2019 Forecast – Responsible City Design
Cities that Work for Humans
The trend towards people living in cities across the globe won’t subside. While U.S. Millennials are reverting to suburbs as they have kids, the vitality and innovation of cities is still attracting the masses. This influx is getting once suburb-focused businesses to establish footholds in cities. Target’s been doing it for years, but now companies like IKEA are even starting to move into the city center.
The growing populations in cities of course means cities and the metro areas around them are becoming more and more dense. Cities have become more expensive, having secondary effects on housing supply, gentrification, and retail blight. Thus, our largest cities are becoming more intense to live in and difficult to manage. Through these changes and with growth, more responsible city design needs to take hold with a focus on creating a collective higher quality of life for those living in cities.
Given this opportunity, it’s not surprising that tech has found cities to be ripe for innovation and investment. Investment in urban tech from 2016-2018 reached over $75 billion, a total of about 17 percent of global VC investment during that time.
Such investments went into Transportation (e.g., ride hailing like Uber and Lyft, electric scooters), Real Estate (e.g., WeWork, which is now the biggest commercial real estate company in the world and is only eight years old), Delivery Services (e.g., Instacart) and Hotels (e.g., Airbnb), for example. You also have companies such as ABC/Google’s Sidewalk Labs pushing forward with their Toronto new city experiment.
And not unlike in other applications, there are positives and negatives effects to this new tech innovation. Given the fast growth in Uber and Lyft, it’s not surprising to say that consumers love the convenience of these services, yet they’ve also resulted in a significant increase in congestion in cities. San Francisco did a survey last year and found that 50 percent of the congestion in its downtown area was the result of these services. The convenience of online shopping is also contributing to congestion. In New York City, there’s been a 3x increase in private deliveries, and there isn’t enough space in Manhattan for all the trucks making individual stops. The arrival of electric scooters created sudden traffic jams, competing with pedestrians and bicyclists for the sidewalks and roadways. Thus, across multiple transportation types, there needs to be better management of the space in our cities.

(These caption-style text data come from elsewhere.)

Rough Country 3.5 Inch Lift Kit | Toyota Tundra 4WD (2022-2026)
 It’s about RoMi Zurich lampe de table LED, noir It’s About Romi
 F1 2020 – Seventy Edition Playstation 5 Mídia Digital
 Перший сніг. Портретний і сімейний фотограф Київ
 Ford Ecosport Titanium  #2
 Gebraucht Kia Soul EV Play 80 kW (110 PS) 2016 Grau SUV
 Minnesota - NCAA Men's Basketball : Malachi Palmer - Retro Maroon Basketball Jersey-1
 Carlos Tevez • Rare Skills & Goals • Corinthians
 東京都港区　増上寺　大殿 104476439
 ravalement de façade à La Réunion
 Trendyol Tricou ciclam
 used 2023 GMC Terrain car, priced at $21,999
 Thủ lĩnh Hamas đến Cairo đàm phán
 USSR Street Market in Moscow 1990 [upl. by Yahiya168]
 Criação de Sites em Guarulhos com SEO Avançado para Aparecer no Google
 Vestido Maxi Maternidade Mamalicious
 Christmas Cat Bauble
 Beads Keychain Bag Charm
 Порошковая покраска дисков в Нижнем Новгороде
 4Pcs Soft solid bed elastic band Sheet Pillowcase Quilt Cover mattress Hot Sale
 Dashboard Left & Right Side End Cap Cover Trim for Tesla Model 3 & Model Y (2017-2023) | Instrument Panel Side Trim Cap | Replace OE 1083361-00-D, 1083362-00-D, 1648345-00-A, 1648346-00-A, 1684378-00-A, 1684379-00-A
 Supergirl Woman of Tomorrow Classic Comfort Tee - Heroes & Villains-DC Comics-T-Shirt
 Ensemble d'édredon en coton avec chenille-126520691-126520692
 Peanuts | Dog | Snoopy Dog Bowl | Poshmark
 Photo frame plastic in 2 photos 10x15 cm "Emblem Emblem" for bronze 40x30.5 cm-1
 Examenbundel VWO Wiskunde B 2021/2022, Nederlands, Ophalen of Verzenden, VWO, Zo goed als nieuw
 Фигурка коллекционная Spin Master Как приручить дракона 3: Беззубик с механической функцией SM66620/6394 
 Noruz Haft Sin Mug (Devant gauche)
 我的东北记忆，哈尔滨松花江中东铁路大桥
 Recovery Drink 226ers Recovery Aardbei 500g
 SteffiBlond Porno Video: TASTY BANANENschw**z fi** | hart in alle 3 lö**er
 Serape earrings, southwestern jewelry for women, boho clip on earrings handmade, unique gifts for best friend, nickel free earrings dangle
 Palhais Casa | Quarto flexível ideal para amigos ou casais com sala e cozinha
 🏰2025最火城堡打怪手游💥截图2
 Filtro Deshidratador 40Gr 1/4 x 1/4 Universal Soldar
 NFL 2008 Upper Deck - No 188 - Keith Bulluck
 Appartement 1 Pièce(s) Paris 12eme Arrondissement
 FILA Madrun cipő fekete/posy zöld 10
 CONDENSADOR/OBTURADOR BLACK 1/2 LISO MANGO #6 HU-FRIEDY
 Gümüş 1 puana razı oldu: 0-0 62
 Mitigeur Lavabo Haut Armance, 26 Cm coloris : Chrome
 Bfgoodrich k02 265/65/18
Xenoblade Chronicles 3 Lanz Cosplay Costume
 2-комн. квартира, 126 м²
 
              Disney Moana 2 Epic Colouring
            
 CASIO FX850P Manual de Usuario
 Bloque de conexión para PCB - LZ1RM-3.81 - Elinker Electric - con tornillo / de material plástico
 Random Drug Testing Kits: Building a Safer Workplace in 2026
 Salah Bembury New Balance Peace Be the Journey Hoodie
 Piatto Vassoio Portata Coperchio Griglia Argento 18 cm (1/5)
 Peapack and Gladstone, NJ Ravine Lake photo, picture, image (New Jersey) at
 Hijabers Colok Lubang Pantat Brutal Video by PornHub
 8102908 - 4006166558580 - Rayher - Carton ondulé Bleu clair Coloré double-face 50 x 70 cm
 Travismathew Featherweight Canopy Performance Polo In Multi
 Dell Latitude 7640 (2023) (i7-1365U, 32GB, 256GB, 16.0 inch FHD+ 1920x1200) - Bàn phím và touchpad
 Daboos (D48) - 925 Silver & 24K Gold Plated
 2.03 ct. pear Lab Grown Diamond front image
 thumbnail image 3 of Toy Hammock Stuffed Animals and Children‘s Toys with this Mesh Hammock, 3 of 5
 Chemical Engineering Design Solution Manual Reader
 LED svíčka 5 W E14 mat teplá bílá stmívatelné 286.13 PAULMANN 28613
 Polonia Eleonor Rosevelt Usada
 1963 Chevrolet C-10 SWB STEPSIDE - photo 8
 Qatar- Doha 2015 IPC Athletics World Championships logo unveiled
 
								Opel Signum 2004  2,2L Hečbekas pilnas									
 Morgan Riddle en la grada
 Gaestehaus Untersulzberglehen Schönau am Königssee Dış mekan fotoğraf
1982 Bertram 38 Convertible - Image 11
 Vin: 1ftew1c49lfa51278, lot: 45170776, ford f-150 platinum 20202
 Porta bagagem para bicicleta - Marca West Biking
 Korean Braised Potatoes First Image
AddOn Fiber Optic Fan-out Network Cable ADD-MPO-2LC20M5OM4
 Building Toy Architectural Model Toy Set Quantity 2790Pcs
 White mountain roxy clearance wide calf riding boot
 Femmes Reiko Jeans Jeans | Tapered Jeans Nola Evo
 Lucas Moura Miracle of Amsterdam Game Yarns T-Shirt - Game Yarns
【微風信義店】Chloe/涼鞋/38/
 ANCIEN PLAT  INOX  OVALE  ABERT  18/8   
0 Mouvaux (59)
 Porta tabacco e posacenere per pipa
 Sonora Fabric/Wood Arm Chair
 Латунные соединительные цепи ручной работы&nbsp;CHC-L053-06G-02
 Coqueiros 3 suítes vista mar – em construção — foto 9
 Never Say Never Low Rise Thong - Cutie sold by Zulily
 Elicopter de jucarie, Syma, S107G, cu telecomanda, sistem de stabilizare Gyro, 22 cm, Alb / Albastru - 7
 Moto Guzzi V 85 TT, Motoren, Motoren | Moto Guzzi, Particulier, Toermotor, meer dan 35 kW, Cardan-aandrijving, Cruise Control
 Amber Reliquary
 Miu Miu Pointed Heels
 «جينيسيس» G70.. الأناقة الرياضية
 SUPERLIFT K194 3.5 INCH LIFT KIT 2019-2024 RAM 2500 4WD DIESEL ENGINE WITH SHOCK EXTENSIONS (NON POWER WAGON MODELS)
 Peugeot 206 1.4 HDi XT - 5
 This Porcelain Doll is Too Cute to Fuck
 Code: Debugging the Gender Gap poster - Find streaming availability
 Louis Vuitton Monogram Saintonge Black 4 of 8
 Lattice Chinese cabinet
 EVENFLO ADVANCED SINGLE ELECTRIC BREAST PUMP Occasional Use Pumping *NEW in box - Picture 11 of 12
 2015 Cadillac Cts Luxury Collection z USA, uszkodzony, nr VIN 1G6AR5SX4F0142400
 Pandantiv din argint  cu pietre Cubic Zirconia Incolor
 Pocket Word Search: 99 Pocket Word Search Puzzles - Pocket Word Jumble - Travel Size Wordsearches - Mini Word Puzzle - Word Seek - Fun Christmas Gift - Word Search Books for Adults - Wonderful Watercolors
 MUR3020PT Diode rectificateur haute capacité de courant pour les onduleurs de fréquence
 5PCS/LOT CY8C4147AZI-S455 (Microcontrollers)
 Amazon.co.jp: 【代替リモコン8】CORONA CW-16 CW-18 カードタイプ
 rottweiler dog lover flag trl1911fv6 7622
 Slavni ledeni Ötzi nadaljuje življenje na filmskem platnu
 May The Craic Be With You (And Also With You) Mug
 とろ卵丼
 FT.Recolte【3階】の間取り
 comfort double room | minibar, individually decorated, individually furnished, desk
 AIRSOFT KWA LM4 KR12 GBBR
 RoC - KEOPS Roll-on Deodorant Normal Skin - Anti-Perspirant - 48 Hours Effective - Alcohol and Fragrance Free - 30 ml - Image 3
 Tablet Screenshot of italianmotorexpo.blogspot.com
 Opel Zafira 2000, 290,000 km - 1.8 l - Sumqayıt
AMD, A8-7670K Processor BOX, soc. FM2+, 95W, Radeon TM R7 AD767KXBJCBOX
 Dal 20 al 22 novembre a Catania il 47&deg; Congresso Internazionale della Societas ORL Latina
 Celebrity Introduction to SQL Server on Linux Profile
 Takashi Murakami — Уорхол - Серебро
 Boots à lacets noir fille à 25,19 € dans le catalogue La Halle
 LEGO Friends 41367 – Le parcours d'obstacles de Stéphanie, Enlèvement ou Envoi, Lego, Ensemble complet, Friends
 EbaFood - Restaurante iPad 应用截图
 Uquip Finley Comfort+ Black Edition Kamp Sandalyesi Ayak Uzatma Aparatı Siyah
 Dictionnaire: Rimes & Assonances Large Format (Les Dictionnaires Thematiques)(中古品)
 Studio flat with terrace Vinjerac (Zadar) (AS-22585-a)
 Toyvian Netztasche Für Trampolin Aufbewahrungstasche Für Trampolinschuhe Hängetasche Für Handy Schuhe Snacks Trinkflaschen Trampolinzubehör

Cities are ripe for disruption and have plenty of problems to solve. Old models won’t work in addressing these new challenges. Living in San Francisco and hearing gripes about homelessness makes us feel like people are wanting cities to become suburbs—cities have always been somewhat gritty, not the playgrounds and utopias of suburbs. Cities need new models, not simply to copy or become a version of what suburbs used to be, but rather to take the best of what beloved cities provide (e.g., Paris, London, New York), perhaps the good of suburbs, as well, but then to shape cities for today’s world. In designing these new models, we need to put humans at the center. This is what Copenhagen did, and the results have made it a world class city that others envy. City dwellers will need help learning how to live with each other successfully and for higher quality of living as cities become more dense and difficult to navigate. For example, how do people get used to living in smaller footprints? How do we provide transportation for the masses on the scale of places like Tokyo? New human-centric models can hopefully help us make this transition more smoothly and successfully.
A place to start would be with initiatives that create future visions for cities, planning for growth and built with a view towards improving quality of life. In visiting London last year, it was great to see the city’s 2016 growth plan that mapped how the city would grow neighborhood by neighborhood while improving quality of life. SPUR, the nonprofit that promotes good planning and good government in the San Francisco Bay Area, is trying to guide regional planning across the Bay, something the region has not been successful at accomplishing in the past, which is likely a key reason we see the problems we do in the region. The organization has kicked off its initiative to create a regional plan for 2070, although that seems a bit too far out with changes needed more quickly.
Tech will still have its place in solving problems in cities but needs to partner more collaboratively with city governments to balance economic gain and consumer benefit with quality of life for citizens. For example, smart cities will continue to be a focus, utilizing data to drive efficiency in a number of realms.
Transportation needs to stop being taken back towards an individual, car-driven culture and more towards one of mass, public transportation and alternative transportation such as walkable cities and bike programs. This ties to architecture and development. Plans that create more holistic city centers where people can walk to amenities is important.
Overall, urban architecture plays an important role in creating cities that impact humans in a positive way. Studies have shown that architecture can impact people’s health. In the U.K., as reported by Monocle, British Land showed based on data from the Centre for Urban Design and Mental Health that beneficial architecture can do this, while also positively impacting the economy. There’s also the importance of investing in “social infrastructure,” central spaces like libraries and parks that can build community and improve quality of life for citizens.
Retail and cultural districts play a vital part, as well, creating spaces for richer experiences. There’s an opportunity to manage and better curate these spaces in cities to build vibrant community centers. A great article from last year in Harper’s Magazine, “The Death of a Once Great City,” spoke to the bleak retail situation in parts of New York City, and the author proposed bringing back commercial rent control to help businesses stay in business. That may not be the only or best answer, yet there are a number of examples (example 1, example 2, example 3, example 4) where lower rents and thoughtful curation lead to thriving retail districts or city neighborhoods in both small communities and large cities, including New York. Finally, in considering new retail structures, there needs to be thoughtful design to how retail is taking shape today in the 21st Century and needs to adapt to residents’ new demands, such as addressing the convenience of the last mile retail and a desire for experiences (e.g., personal service, restaurants).
The Economic Forecast:
Help better define the challenges of today’s urban living and take a human-centric view to creating solutions that help citizens live together in more harmony and allow everyone to enjoy a better quality of life. Putting economics aside when framing problems and instead focusing on developing innovation that solve real human problems will lead to the results businesses seek, while delivering what citizens desperately need.